As you know, the D.C. Circuit Court of Appeals has invalidated network neutrality requirements that impose common carrier requirements.  In this blog and elsewhere I predicted an uptick in disputes between content providers and distributors in the absence of unquestionable authority for the FCC to intervene if necessary. 

To be clear I favor commercial negotiations that typically resolve interconnection compensation disputes.  However, I also suggest that the FCC have authority to resolve intractable disputes as a referee and mediator.

So along comes another dispute between Netflix and retail ISPs such as Verizon and Comcast.  See Drew FitzGerald & tzGerald   BiograShalini Ramachandran, Netflix-Traffic Feud Leads to Video Slowdown, The Wall Street Journal (Feb. 19, 2014); available at: http://online.wsj.com/news/articles/SB10001424052702304899704579391223249896550?mod=WSJ_hp_LEFTTopStories.
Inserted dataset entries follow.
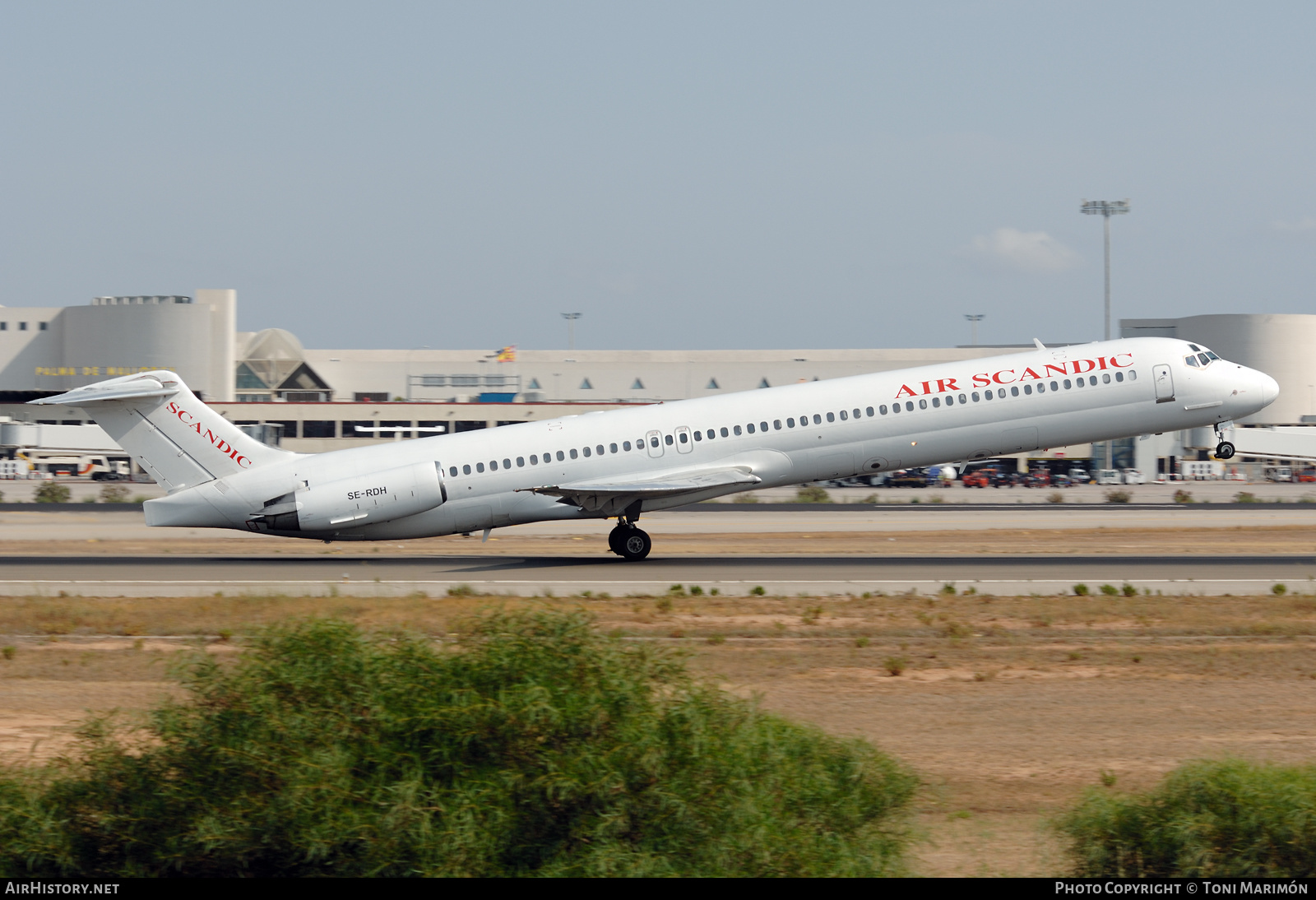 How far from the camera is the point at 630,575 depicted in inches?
1113

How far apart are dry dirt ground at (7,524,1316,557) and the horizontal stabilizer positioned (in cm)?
661

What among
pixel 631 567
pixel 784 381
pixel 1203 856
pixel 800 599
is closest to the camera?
pixel 1203 856

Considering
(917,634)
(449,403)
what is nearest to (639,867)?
(917,634)

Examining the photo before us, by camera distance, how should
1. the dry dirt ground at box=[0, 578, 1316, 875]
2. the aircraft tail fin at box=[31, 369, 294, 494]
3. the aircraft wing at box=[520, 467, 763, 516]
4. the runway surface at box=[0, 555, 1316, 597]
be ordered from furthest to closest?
1. the aircraft tail fin at box=[31, 369, 294, 494]
2. the aircraft wing at box=[520, 467, 763, 516]
3. the runway surface at box=[0, 555, 1316, 597]
4. the dry dirt ground at box=[0, 578, 1316, 875]

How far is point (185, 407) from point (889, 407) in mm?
17896

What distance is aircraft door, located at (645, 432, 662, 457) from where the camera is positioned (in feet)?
102

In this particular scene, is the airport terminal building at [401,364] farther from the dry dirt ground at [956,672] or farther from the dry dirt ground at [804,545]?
the dry dirt ground at [956,672]

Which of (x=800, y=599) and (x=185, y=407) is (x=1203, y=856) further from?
(x=185, y=407)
This really should not come as a surprise, even as retail ISPs already receive compensation on both sides of their two-sided market: 1) 3 digit margin monthly broadband retail subscriptions; and 2) transit payments from ISPs, particularly Content Distribution Networks for Netflix such as Level 3.

Retail ISPs want a third revenue stream on some notion that content sources, such as Netflix, are “bandwidth hogs” who should be throttled, or alternatively hit up for direct payments.  In particular it must tick off senior management at ISPs, owned by cable television companies, to see Netflix offer a $7.99 value proposition when cable content bundles are 10-15 times as expensive.
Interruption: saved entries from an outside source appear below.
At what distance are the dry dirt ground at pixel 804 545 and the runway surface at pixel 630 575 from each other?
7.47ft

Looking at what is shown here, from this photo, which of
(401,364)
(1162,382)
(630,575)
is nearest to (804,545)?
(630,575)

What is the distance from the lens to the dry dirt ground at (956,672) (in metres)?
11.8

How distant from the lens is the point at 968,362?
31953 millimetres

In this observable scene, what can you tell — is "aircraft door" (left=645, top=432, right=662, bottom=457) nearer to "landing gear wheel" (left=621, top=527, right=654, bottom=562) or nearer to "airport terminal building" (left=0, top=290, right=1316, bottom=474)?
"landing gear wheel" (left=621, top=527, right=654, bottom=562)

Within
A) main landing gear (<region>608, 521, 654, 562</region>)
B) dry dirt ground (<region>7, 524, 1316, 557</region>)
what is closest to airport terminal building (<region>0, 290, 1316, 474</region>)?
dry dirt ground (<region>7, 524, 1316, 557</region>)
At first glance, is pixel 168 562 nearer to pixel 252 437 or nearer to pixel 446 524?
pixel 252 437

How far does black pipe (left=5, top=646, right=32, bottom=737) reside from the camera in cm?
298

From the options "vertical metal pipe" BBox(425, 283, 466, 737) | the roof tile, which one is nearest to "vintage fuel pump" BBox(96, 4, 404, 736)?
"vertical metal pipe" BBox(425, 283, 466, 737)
I agree that a direct payment should flow from Netflix if and only if it directly interconnects with a retail ISP.  If Netflix were to stop using CDNs and seek to interconnect directly with ISPs providing the last mile delivery Netflix surely should pay including the significant electricity used to power onsite proxy servers. 

But are retail ISPs right to demand payment from both the directly interconnecting upstream ISP/CDN and even farther upstream from the content source?

I don’t think so, but there’s nothing stopping retail ISPs from trying.  Apparently Verizon and others can degrade Netflix traffic delivery—intentionally or not—without much consumer pushback.  When consumers don’t get high resolution Netflix content, they do not even know whom to blame.  Has Netflix done something wrong, or has the last mile carrier?  Who operates the weakest and inferior link when multiple ISPs participate in the complete end-to-end routing of traffic?

Until retail ISPs lose customers or the debate in the court of public opinion expect more interconnection compensation disputes to arise and possibly mess with your Internet access experience.